As shown in FIG. 2, the physical operating devices of the fixing part 10, marking part 20, and cutting part 40 may be physically spaced apart and coupled to the main body to enable driving in the forward and backward directions.

That is, the fixing part 10 may be coupled to the main body at a position that can be contacted with the member R to be processed, the marking part 20 may be located in a direction facing the member R to be processed and coupled to the main body while being spaced apart from the fixing part 10, and the cutting part 40 may be located in a direction facing the member R to be processed and coupled to the main body while being spaced apart from the marking part 20. The arrangement of each component is not limited to a special structure, and appropriate design changes are possible considering the positions of a fixing area, cutting area, and marking area during processing of the member R to be processed.

That is, in the case of the member R to be processed shown, processing work on the member R to be processed may proceed as follows: the uppermost part of the member R to be processed is fixed by the fixing part 10, the member R to be processed is loosened to allow the supplied part P to be processed to be supplied to the cutting area to the cutting part 40 for the necessary part to be cut, and the marking part 20 is driven to attach a tape to the member R to be processed or to attach the lot sticker L, which is a separate identification tag.

As shown in FIGS. 1 and 2, the fixing part 10 may include a near roll 11 rotatably coupled at one end thereof to contact the member R to be processed and fix the rotation of the roll-shaped member R to be processed.

The near roll 11 may contact the roll-shaped member R to be processed in a stationary state to fix the roll-shaped member R to be processed without loosening. However, by contacting and rotating in the same or opposite direction to the rotation direction of the roll-shaped member R to be processed, appropriate tension may be applied to prevent the fixation of the roll-shaped member R to be processed or the part P to be processed of the roll-shaped member R to be processed from being loosely wound.

The size or material of the near roll 11 is not particularly limited, but it is appropriate to use a material with high friction so that the near roll 11 can be fixed in contact with the roll-shaped member R to be processed. For example, a material such as rubber may be applied.

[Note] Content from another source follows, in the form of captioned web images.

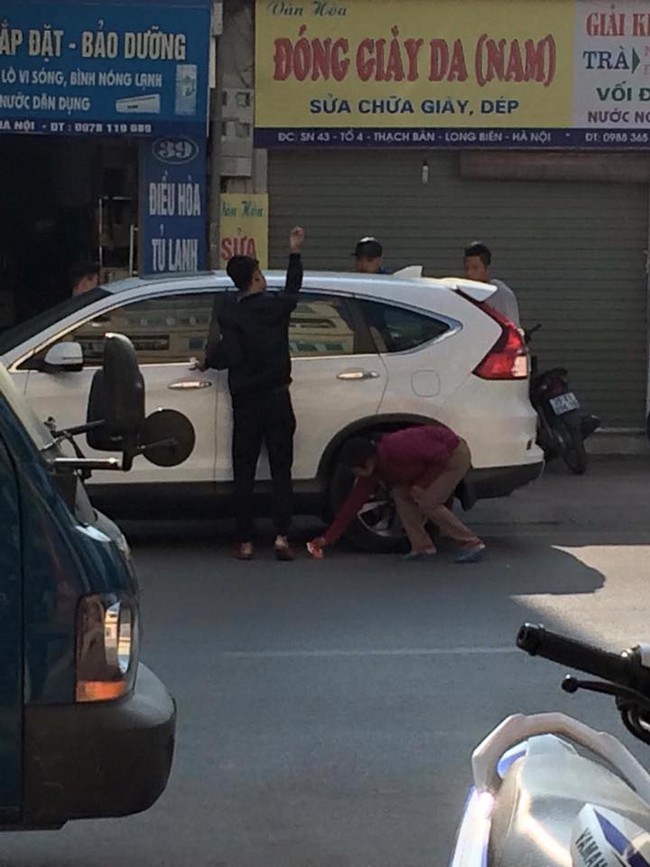 Xế sang bóc tha thu sau trận thua đau của ĐT Việt Nam - Ảnh 3.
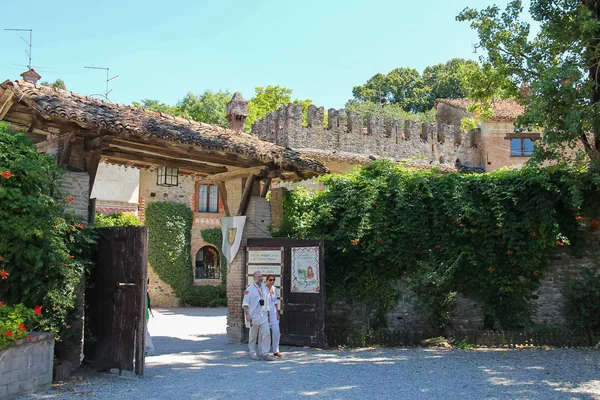 Turistas en el patio del antiguo castillo de Grazzano Visconti — Foto de Stock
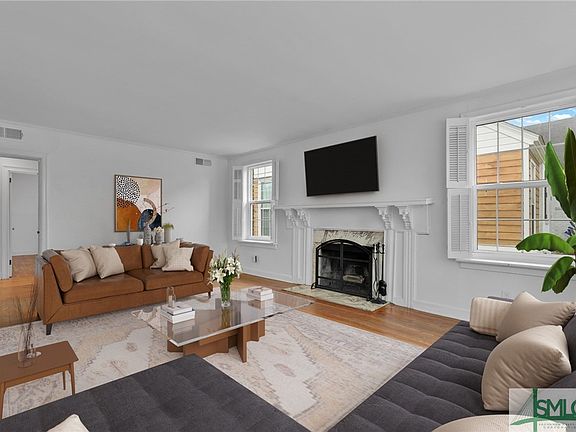 4th image of 531 E 52nd Street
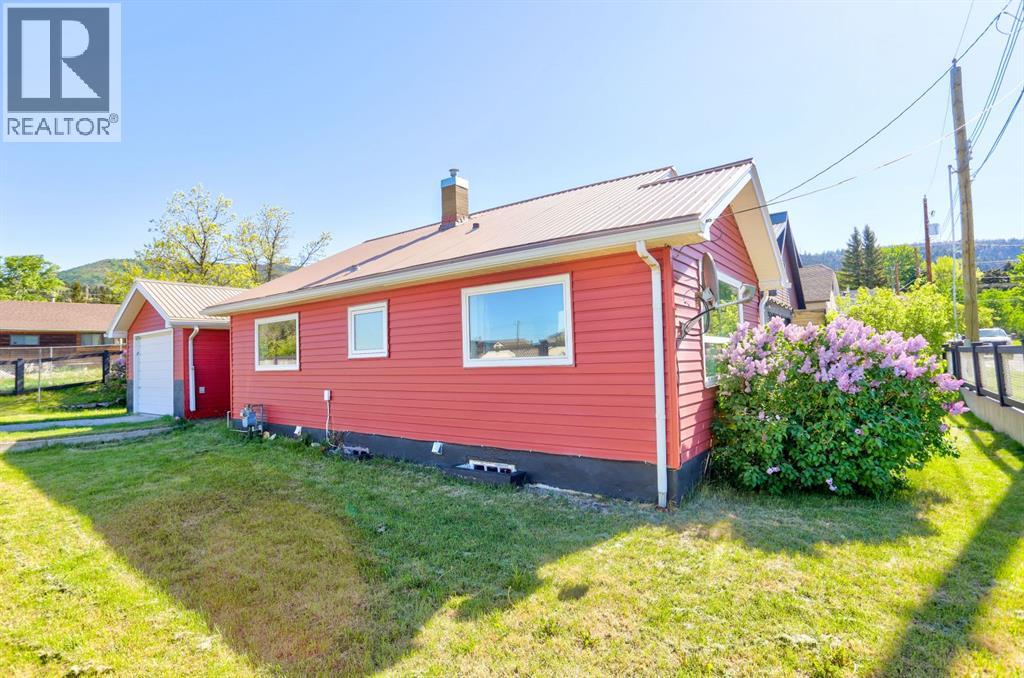 2702 216street, bellevue, Alberta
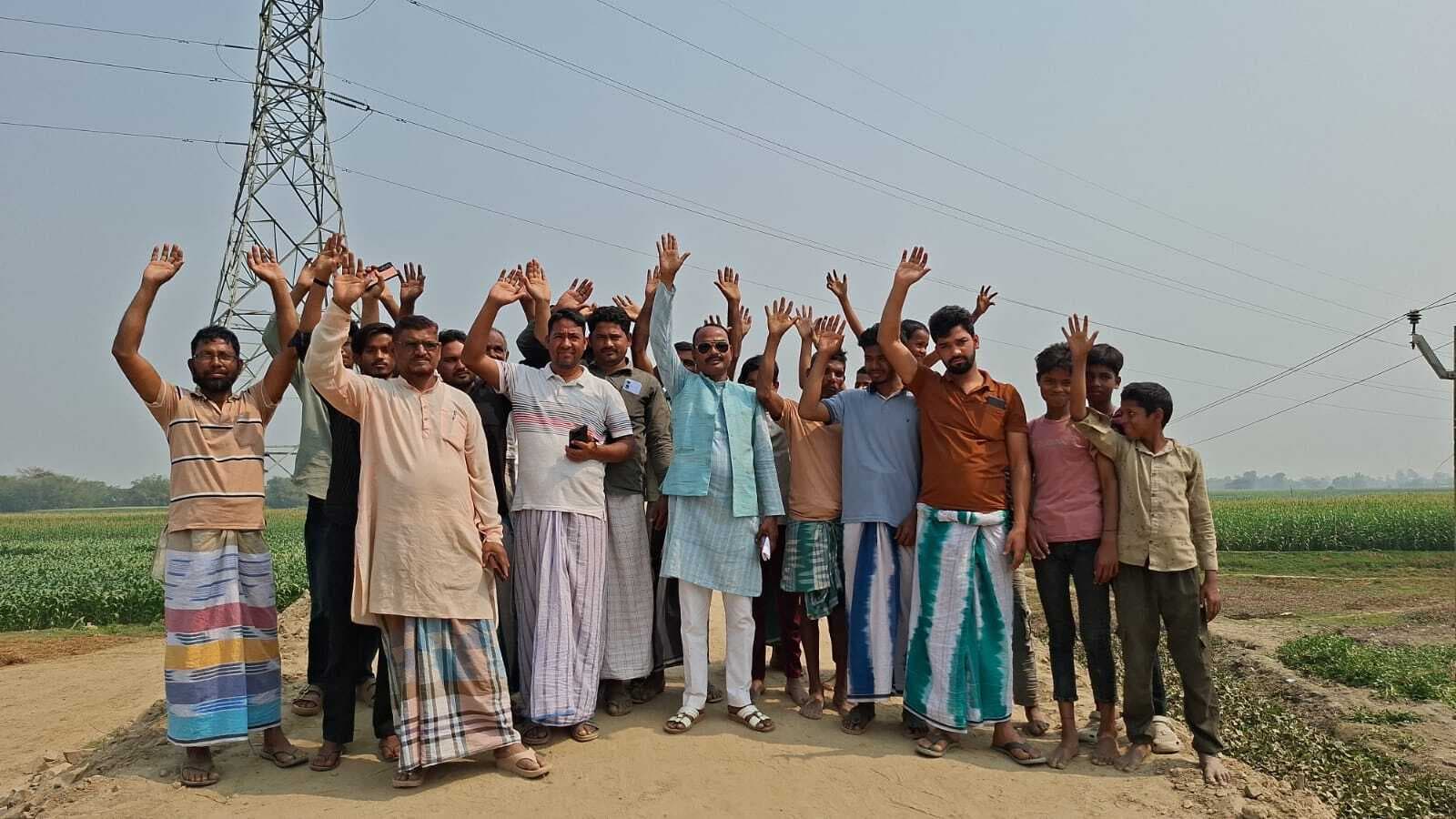 एप्रोच पथ निर्माण की मांग को ग्रामीणों ने किया प्रदर्शन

The processing device 1 according to an embodiment of the present disclosure may include at least one distance sensor 30 that senses the position of the roll-shaped member R to be processed during processing of the member R to be processed. The distance sensor 30 may control and set the appropriate processing position by sensing the distance between the processing device 1 or each component of the processing device 1 and the member R to be processed.

The distance sensor 30 may be coupled to the fixing part 10, marking part 20, and cutting part 40 that operate in the forward and backward directions, but may be coupled to the fixed main body of the processing device 1 to maintain a stable working distance.

In the case of detection sensors 51 and 52, at least one sensor that senses the processing surface of the member R to be processed may be combined. When cutting the tape connection portion of the member R to be processed, the detection sensors 51 and 52 may accurately determine the cutting area when cutting the tape connection portion by detecting the tape connection portion or distinguishing and detecting the surface of the part P to be processed rather than the tape connection portion.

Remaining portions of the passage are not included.